ROCm-Specific Settings

These are automatically set by the venv activate script (added by setup_strixhalo.py):

# Required for Strix Halo gfx1151 (ROCm 7.2)
export HSA_OVERRIDE_GFX_VERSION=11.0.0

# Enable optimized matrix math
export ROCBLAS_USE_HIPBLASLT=1

# PyTorch ROCm memory management
export PYTORCH_HIP_ALLOC_CONF=expandable_segments:True

Post-Training Pipeline

After pre-training (or continued pre-training), the model has raw language modeling capability but no chat or instruction-following behavior. Apply these steps in order:

Step 1: Supervised Fine-Tuning (SFT) for Chat

Use LoRA fine-tuning (this is where LoRA works well — the model already has the right knowledge):

Use the existing thematic ChatML dataset from scripts/generate_theme_dataset.py
Apply the Deep Red system prompt and persona
LoRA rank 16–32, learning rate 2e-5, 2–3 epochs
This should NOT cause catastrophic forgetting because the base knowledge is already temporally correct

Step 2: Merge and Convert

# Merge LoRA adapter with base model
python scripts/merge_lora.py --base output/pretrained-1b/ --adapter output/sft-lora/ --output output/merged/

# Convert to GGUF for LM Studio
python scripts/convert_to_gguf.py --model output/merged/ --output output/deepred-1b.gguf --quantize Q4_K_M

Step 3: Evaluate

Use the existing scripts/evaluate_temporal.py to check temporal separation, then manually test in LM Studio.

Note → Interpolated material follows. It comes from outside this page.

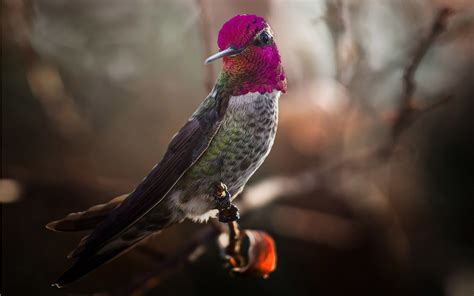Bird Hummingbird Hd Desktop Wallpapers 4k Hd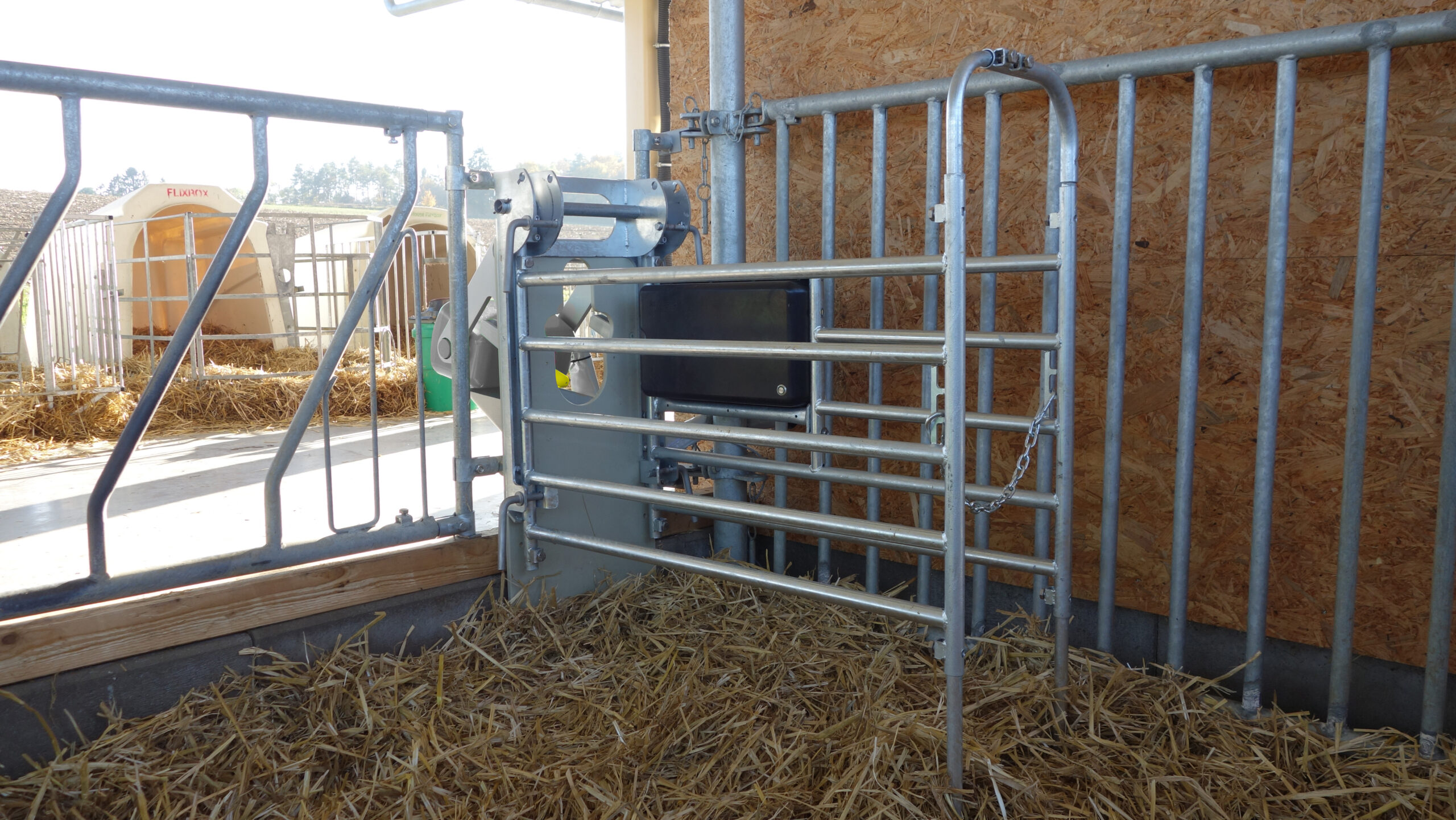 Station d’allaitement MaxiFlex : Offre aux veaux un espace protégé pour l’alimentation, adaptable de manière flexible à toutes les races, tailles de veaux et conditions de site.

Expected Capabilities of the Resulting Model

By Model Size

Capability	125–350M	1B	3B
Grammatical coherence	Good for short passages	Good	Very good
Paragraph-length generation	Adequate, may drift	Good	Very good
Pre-1969 factual Q&A	Basic recall	Solid recall	Strong recall
Post-1969 knowledge leakage	None (by construction)	None (by construction)	None (by construction)
Thematic/persona consistency	Moderate (with SFT)	Good (with SFT)	Very good (with SFT)
Multi-turn conversation	Limited	Moderate	Good
Reasoning / logic	Minimal	Basic	Moderate
Creative writing (era-appropriate)	Short passages	Paragraphs	Extended passages
Instruction following	Basic	Good	Good
Math / arithmetic	Unreliable	Basic	Basic
Overall quality comparison	GPT-2 Small/Medium	GPT-2 XL / early Pythia	Phi-2 / TinyLlama level

What the Model Would Be Good At

Era-appropriate conversation: Discussing pre-1969 history, science, culture, and politics with period-appropriate framing
Deep Red persona: Collectivist language, chess metaphors, scientific rationalism, optimistic futurism
Temporal consistency: Describing the world as it was before July 1969 — no anachronisms
Thematic text generation: Writing passages in the style of mid-century literature, Soviet futurism, and early space age optimism

What the Model Would NOT Be Good At

Complex reasoning: Multi-step logical problems, mathematical proofs
Code generation: Not in the training data
Post-1969 anything: By design — but this means no knowledge of modern medicine, technology, or events
Long document understanding: Limited context window (2048–4096 tokens)
Multilingual: English-only unless multilingual data is included
Competing with modern LLMs: A 1B model trained on 3B tokens cannot match a 70B model trained on 15T tokens on general benchmarks

The Key Advantage Over Fine-Tuning

The fundamental benefit of this approach is no knowledge leakage by construction. A fine-tuned model still contains post-1969 knowledge in its weights and may leak it through indirect questioning, adversarial prompting, or chain-of-thought manipulation. A model trained only on pre-1969 content literally does not have that knowledge to leak.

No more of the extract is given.